Ultra-Thin Graphitic Materials Made at Room Temperature Using Organic Fuels

For the first time, FLEET researchers at UNSW, Sydney show the synthesis of ultra-thin graphitic materials at room temperature using organic fuels (which can be as simple as basic alcohols such as ethanol).

Graphitic materials, such as graphene, are ultra-thin sheets of carbon compounds that are sought after materials with great promises for battery storage, solar cells, touch panels and even more recently fillers for polymers.

These researchers were able to synthesize ultra-thin carbon-based materials on the surface of liquid metals at room temperature electrochemically. Before this report, others had shown electro-formation of such carbon-based materials only by transferring sheets onto the electrodes or electrode exfoliation of naturally-occurring carbon crystals from mines.

"Using gallium liquid metal, we could catalytically break down the fuels and form carbon-carbon bonds (the base of graphitic sheets) from organic fuels at room temperature. The ultra-smooth surface of liquid metals could then template atomically-thin carbon based sheets. Removal of these sheets was easy as they do not stick to the liquid metal surface," suggested Prof Kalantar-Zadeh, the lead of this project and the Director of the Centre for Advanced Solid and Liquid based Electronics and Optics (CASLEO) at UNSW.

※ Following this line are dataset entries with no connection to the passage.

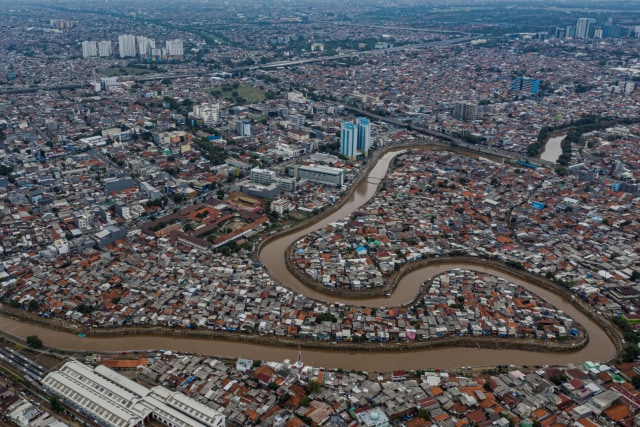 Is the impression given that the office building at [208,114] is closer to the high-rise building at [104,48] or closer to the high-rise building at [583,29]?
the high-rise building at [104,48]

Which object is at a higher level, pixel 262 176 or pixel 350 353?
pixel 262 176

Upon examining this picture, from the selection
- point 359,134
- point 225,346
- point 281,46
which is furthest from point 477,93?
point 225,346

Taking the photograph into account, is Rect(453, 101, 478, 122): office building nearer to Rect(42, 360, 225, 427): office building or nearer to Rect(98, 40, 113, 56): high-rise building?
Rect(42, 360, 225, 427): office building

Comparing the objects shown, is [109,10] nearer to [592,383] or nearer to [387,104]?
[387,104]

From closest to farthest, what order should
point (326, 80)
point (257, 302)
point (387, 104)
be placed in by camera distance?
1. point (257, 302)
2. point (387, 104)
3. point (326, 80)

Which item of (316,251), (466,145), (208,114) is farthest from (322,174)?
(208,114)

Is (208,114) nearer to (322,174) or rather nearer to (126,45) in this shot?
(322,174)

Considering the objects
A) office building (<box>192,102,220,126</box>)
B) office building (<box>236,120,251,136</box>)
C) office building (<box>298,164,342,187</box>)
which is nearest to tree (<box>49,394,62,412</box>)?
office building (<box>298,164,342,187</box>) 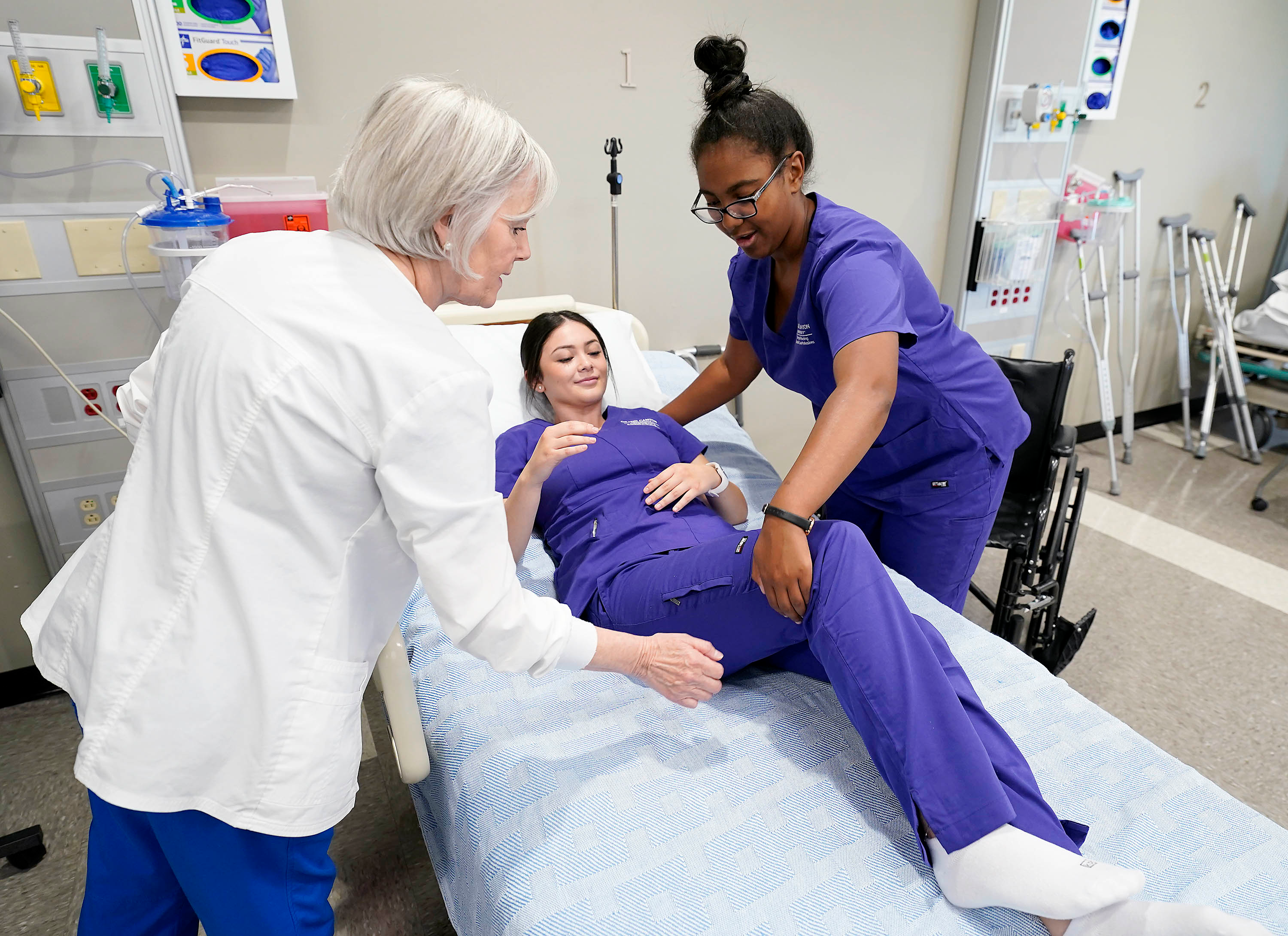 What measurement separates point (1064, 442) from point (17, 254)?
250 cm

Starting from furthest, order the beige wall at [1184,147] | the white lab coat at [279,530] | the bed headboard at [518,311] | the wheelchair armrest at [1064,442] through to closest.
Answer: the beige wall at [1184,147] < the bed headboard at [518,311] < the wheelchair armrest at [1064,442] < the white lab coat at [279,530]

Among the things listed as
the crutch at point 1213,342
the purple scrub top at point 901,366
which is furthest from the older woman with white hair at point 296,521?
the crutch at point 1213,342

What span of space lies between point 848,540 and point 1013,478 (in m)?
1.29

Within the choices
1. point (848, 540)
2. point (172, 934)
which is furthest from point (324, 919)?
point (848, 540)

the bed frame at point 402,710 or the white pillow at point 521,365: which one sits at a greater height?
the white pillow at point 521,365

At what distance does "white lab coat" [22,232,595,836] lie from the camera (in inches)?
29.7

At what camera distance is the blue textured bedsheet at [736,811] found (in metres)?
0.94

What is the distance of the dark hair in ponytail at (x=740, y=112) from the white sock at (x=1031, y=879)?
43.3 inches

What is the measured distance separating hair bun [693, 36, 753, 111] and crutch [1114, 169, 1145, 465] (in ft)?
8.72

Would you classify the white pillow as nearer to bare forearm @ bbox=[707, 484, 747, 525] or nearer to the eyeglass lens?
bare forearm @ bbox=[707, 484, 747, 525]

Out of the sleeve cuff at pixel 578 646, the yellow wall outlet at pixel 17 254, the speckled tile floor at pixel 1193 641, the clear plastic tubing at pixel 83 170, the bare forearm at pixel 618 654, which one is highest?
the clear plastic tubing at pixel 83 170

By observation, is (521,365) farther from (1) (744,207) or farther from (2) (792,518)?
(2) (792,518)

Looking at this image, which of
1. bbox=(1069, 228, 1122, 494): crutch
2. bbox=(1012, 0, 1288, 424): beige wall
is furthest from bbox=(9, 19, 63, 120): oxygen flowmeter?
bbox=(1069, 228, 1122, 494): crutch

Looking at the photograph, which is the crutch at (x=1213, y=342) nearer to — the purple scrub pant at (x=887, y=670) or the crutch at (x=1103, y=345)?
the crutch at (x=1103, y=345)
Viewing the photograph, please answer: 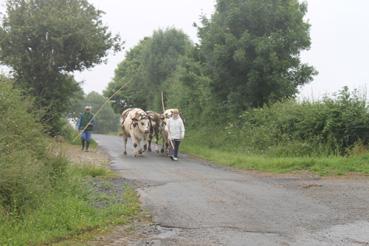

"It is simple. Why has room temperature electro-synthesis of two-dimensional graphitic materials not been achieved before- We cannot offer a definitive answer. Perhaps disregarding ultra-catalysts such as liquid metals and too much emphasis on solid electrodes which are inherently not smooth." added Dr Mohannad Mayyas the first author of the paper.

The paper Liquid-Metal-Templated Synthesis of 2D Graphitic Materials at Room Temperature was published in highly reputed journal of Advanced Materials on the 8th of June 2020 (DOI: 10.1002/adma.202001997)

Researchers from RMIT, University of California Los Angeles (UCLA) and the Center for Multidimensional Carbon Materials, Institute for Basic Science (IBS), Korea are the other collaborators of the research and authors of the manuscript.